Richardson Dilworth’s career as a politician was not immediately successful. He lost his first election in the 1947 race for mayor of Philadelphia to Republican incumbent Mayor Bernard Samuels. Philadelphia had been led by Republican mayors for more than six decades and many did not support Dilworth’s campaign platform, which criticized municipal corruption in an effort to strengthen the local government’s role in city planning. It would take years, as well as a series of scandals on the part of Republicans, for the city’s political atmosphere to change and for Philadelphians to be ready for reform.
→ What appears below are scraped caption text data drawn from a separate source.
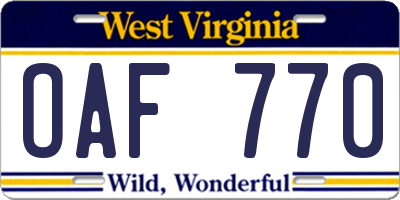 WV license plate OAF770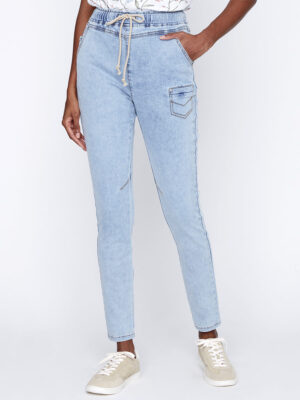 CoCo Y Club 241-1843 pull-on jeans, stretchy and comfortable light blue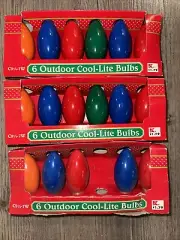 Vintage C9 1/4 Outdoor Xmas Replacement Light Bulbs Various Blue Tested (4)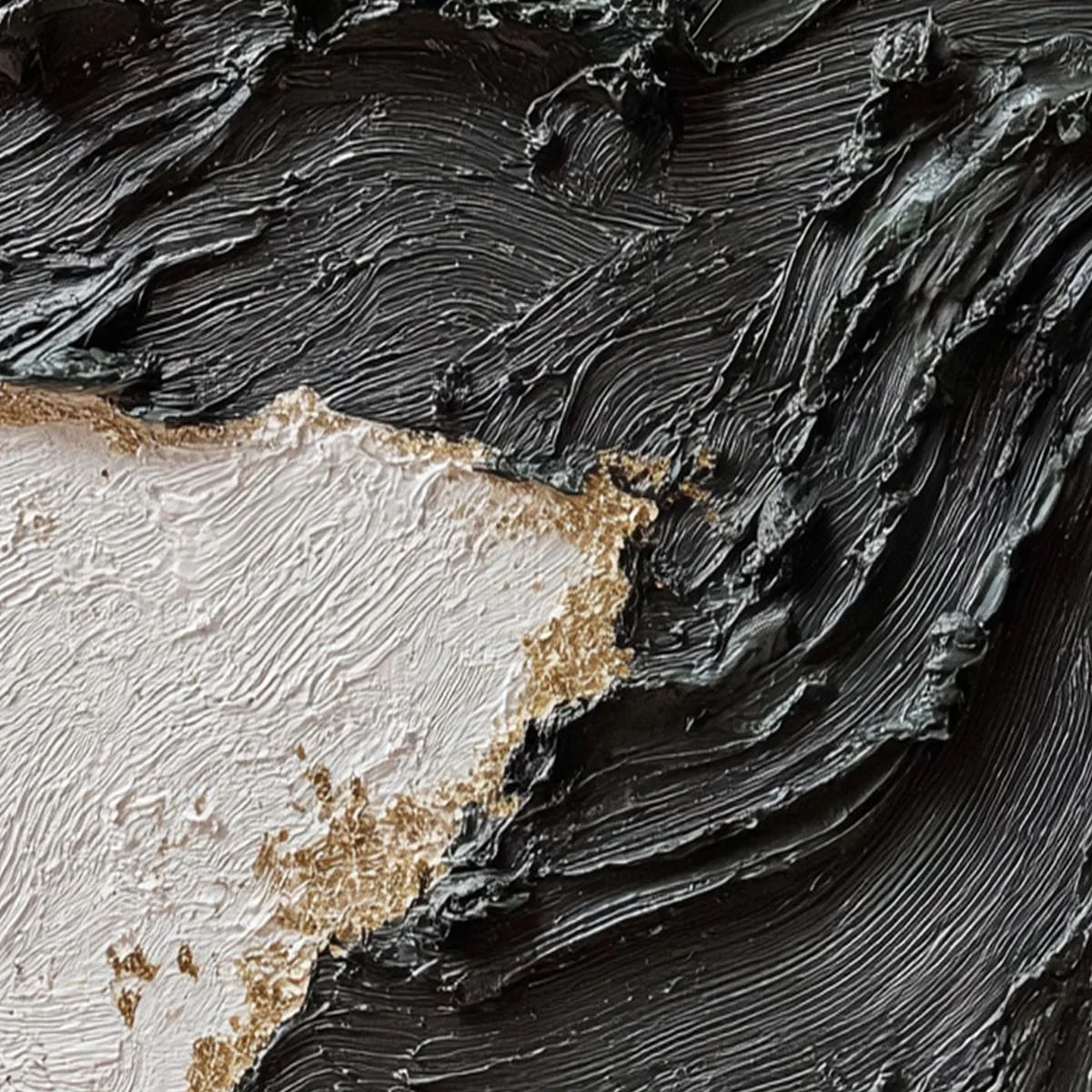 TERRA FIRMA: Heavy Texture Wabi Sabi Abstract Painting with Gold Leaf | rectangular format, hand-painted canvas edge
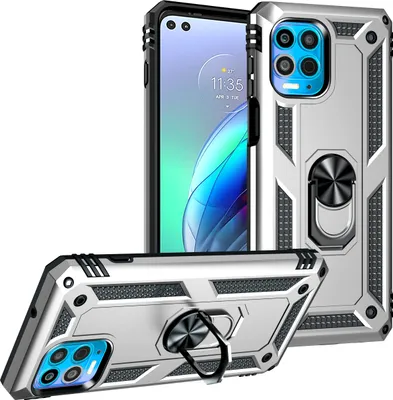 Produktbild von Moto Edge S Hülle, Dual Layer Militäre Fallschutz Schutzhülle mit Ringhalterung Ständer für Motorola Moto G100/Edge S Silber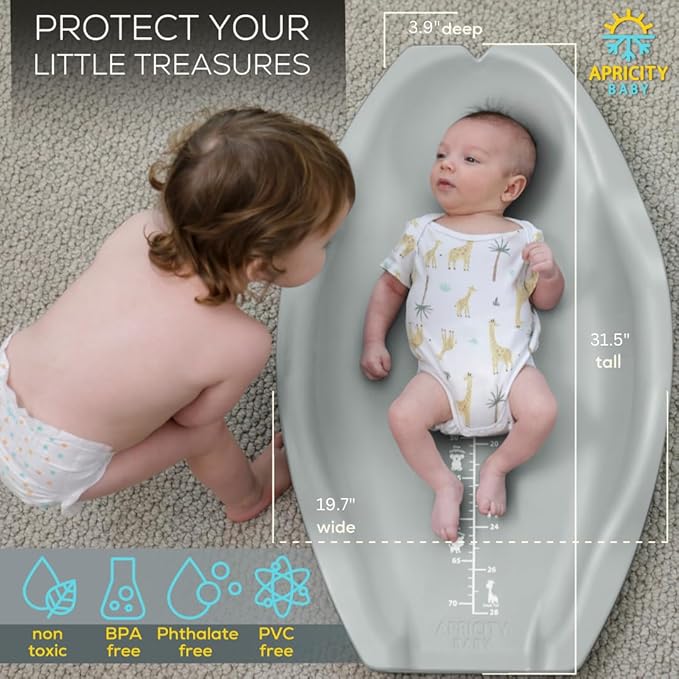 Apricity Baby Diaper Changing Pad – Waterproof Wipe-Clean Foam Changing Mat with Raised Sides, Non-Slip Base & Portable Design, Extra-Large 31.5” × 19.7” for Newborn to Toddler (Sage)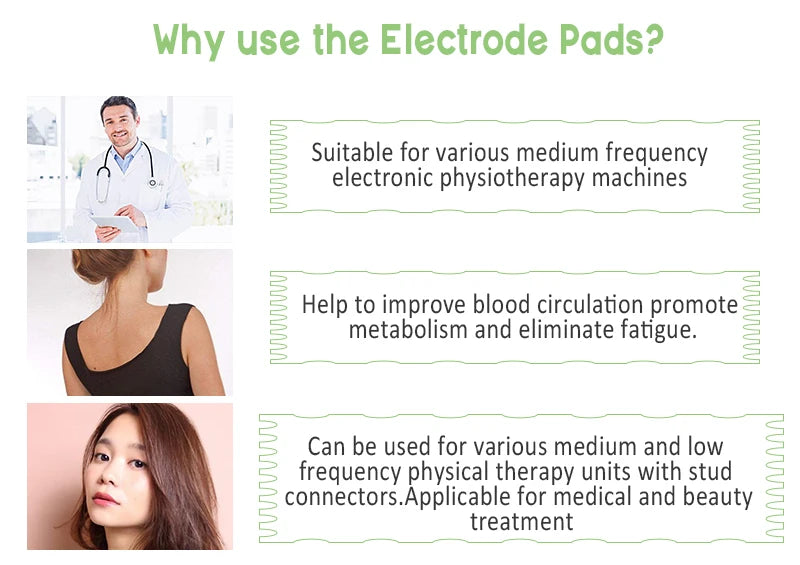 100/50PCS Electrode Pads Gel Patch For TENS Pulse Physiotherapy Massager Slimming Nerve EMS Muscle Stimulator Electrode Stickers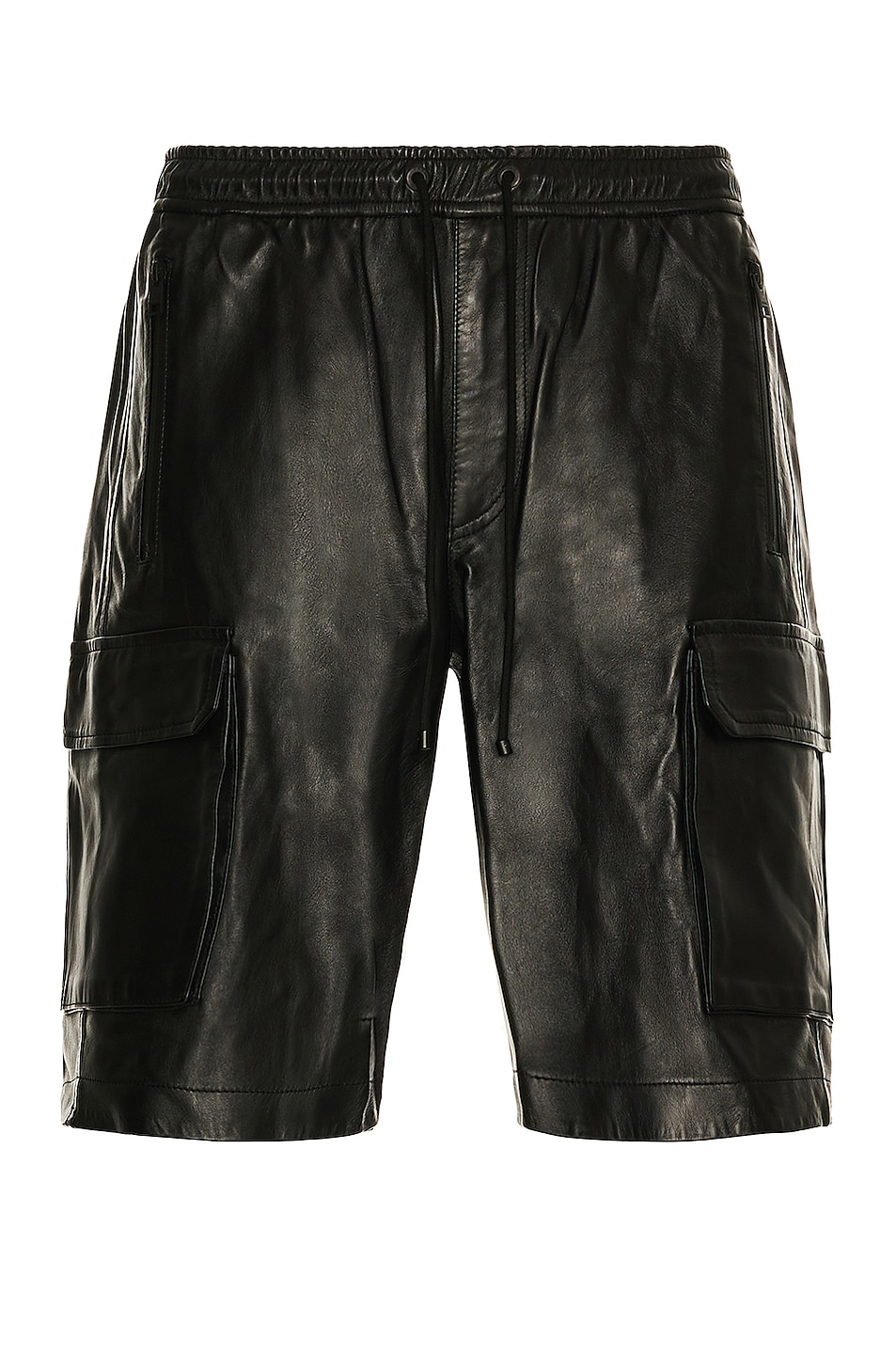 Image 1 of FRAME Cargo Leather Short in Noir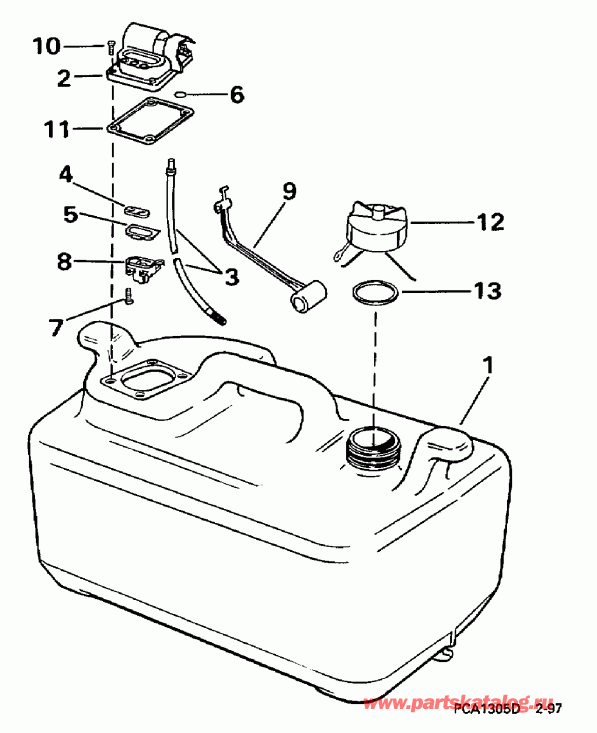  EVINRUDE E25JRECA 1998  - 6 ������ /  6 Gallon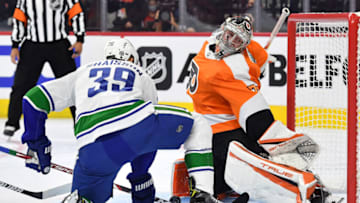 Oct 15, 2021; Philadelphia, Pennsylvania, USA; Philadelphia Flyers goaltender Carter Hart (79) makes a save against Vancouver Canucks right wing Alex Chiasson (39) during the second period at Wells Fargo Center. Mandatory Credit: Eric Hartline-USA TODAY Sports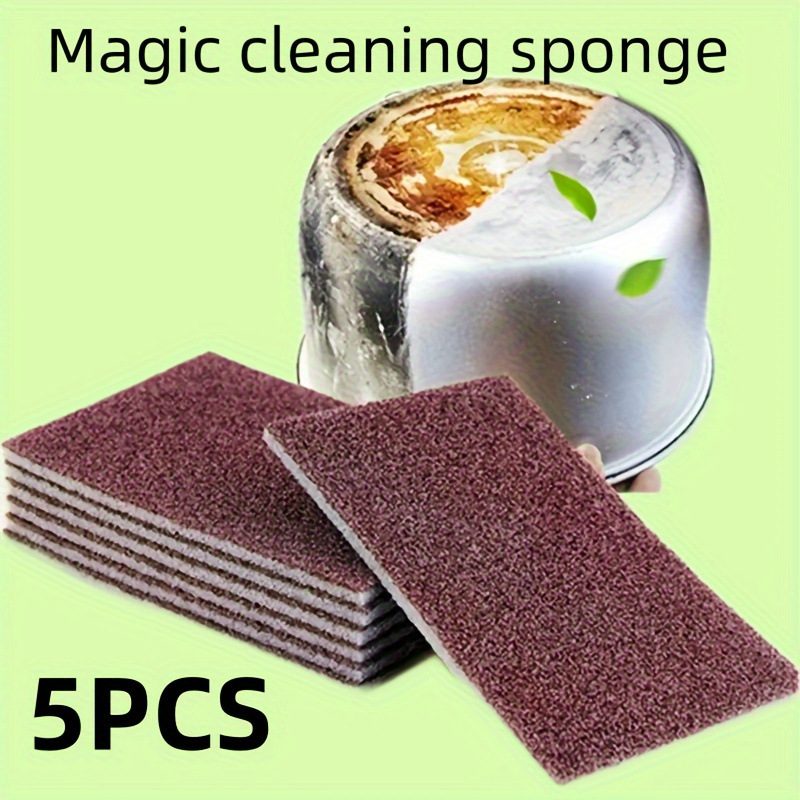 5pcs Emery Sponge Wipe Pot Bottom Cleaning Descaling Sponge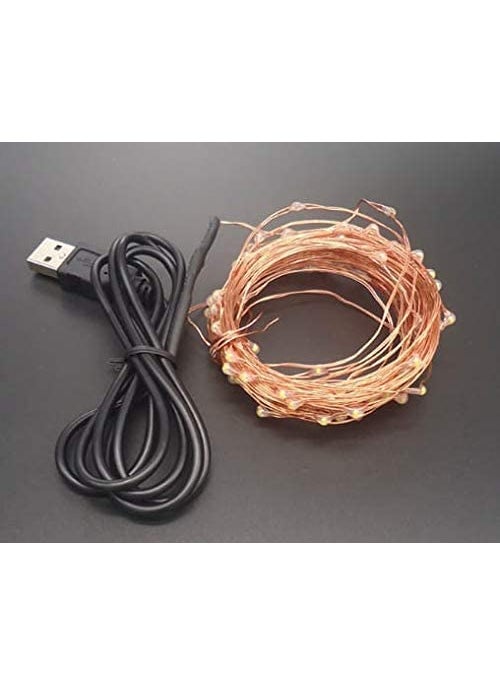 E-DAMEN - EDAMEN Led Copper Series String Light Warm White 3m Series with 30 Led Bulbs Flexible Copper String for Home Party Inrood Outdoor DIY Decoration USB Soursed Pack of 1 - Image 1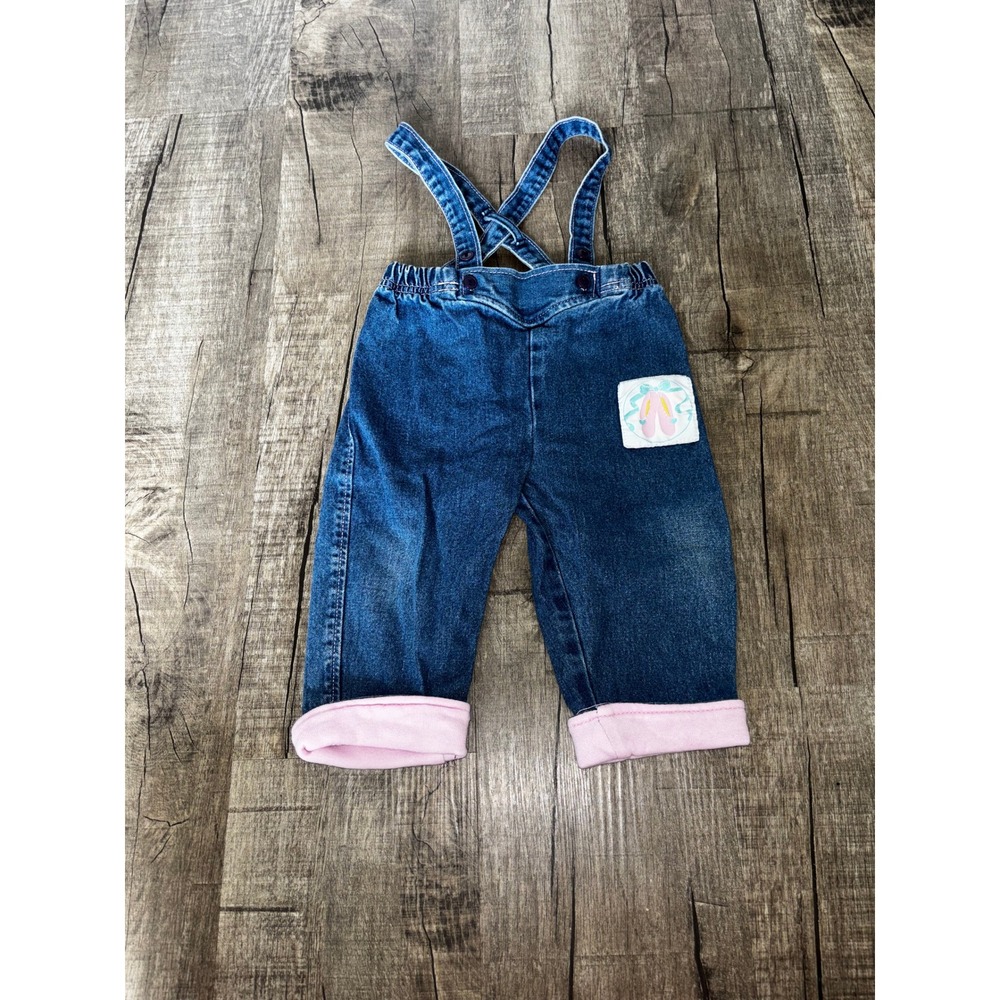Vintage Tot Trends Baby Girls Denim Overalls Pink Ballet Slippers Lined 12M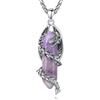EUDORA Harmony Ball Collana con Ciondolo Drago Ametista per Donna Uomo, Prisma Esagonale Ametista Pietra Curativa Amuleto Energetico Gioielli Drago Regalo per Mamma, 20+2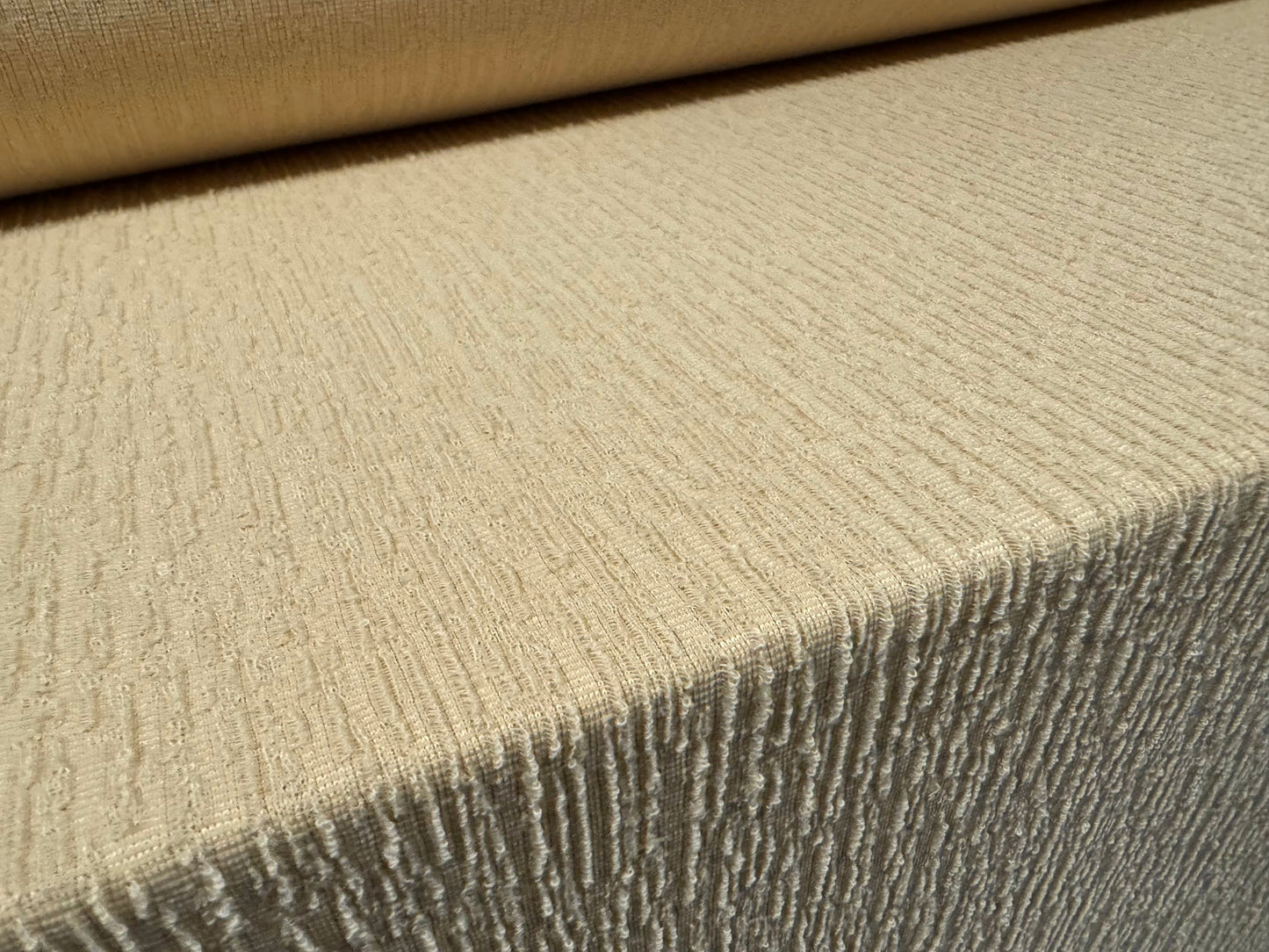 Treebark jacquard stretch spandex double jersey fabric, per metre - clotted cream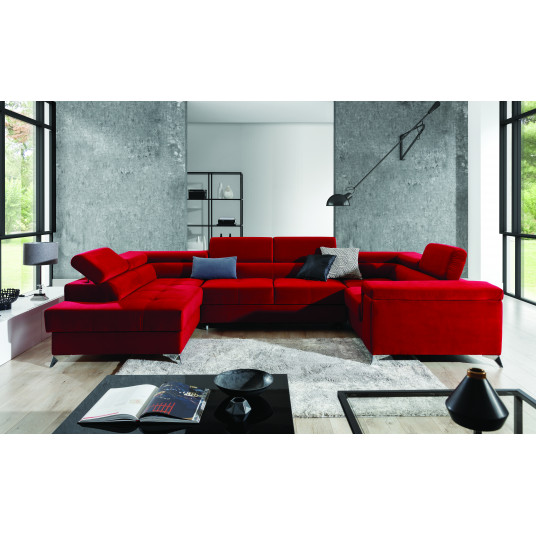 Kampinė sofa Thiago su patalynės dėže, audinys Kronos 02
In the 1947 mayoral race, Dilworth and Joseph Clark organized thousands of young and middle-aged professionals as campaign volunteers, fresh and energetic faces in electoral politics, to work the phones and canvass door-to-door. Dilworth campaigned and spoke across the city with the poise and self-confidence of a veteran trial lawyer. On October 24, 1947, he debated Republican Sheriff Meehan and attacked police corruption in the first televised political campaign in Philadelphia. Finally, political success came two years later when Dilworth was elected city treasurer, Clark was elected city controller, and Democrats won fifteen of the seventeen council seats. This election established a legacy of Democratic governance; the Republican Party has not held a majority in City Council since 1949. As city treasurer, he contributed to the draft of a new city charter that consolidated government offices and made official examinations mandatory for civil service employees. The next year, Dilworth ran for governor of Pennsylvania, but lost a close race to John Fine. After this election, Clark and Dilworth received the support of Americans for Democratic Action (ADA), a nationwide organization of liberal activists and reformers, which brought more attention and support to their campaigns.
In 1951, at the same time that Dilworth was elected district attorney, Clark was elected the first Democratic mayor of Philadelphia in 67 years. In 1955, Dilworth was elected mayor as Clark went to the U.S. Senate. Together, their administrations launched one of the largest urban renewal programs in the nation and ushered in an era and tradition of political reform in Philadelphia.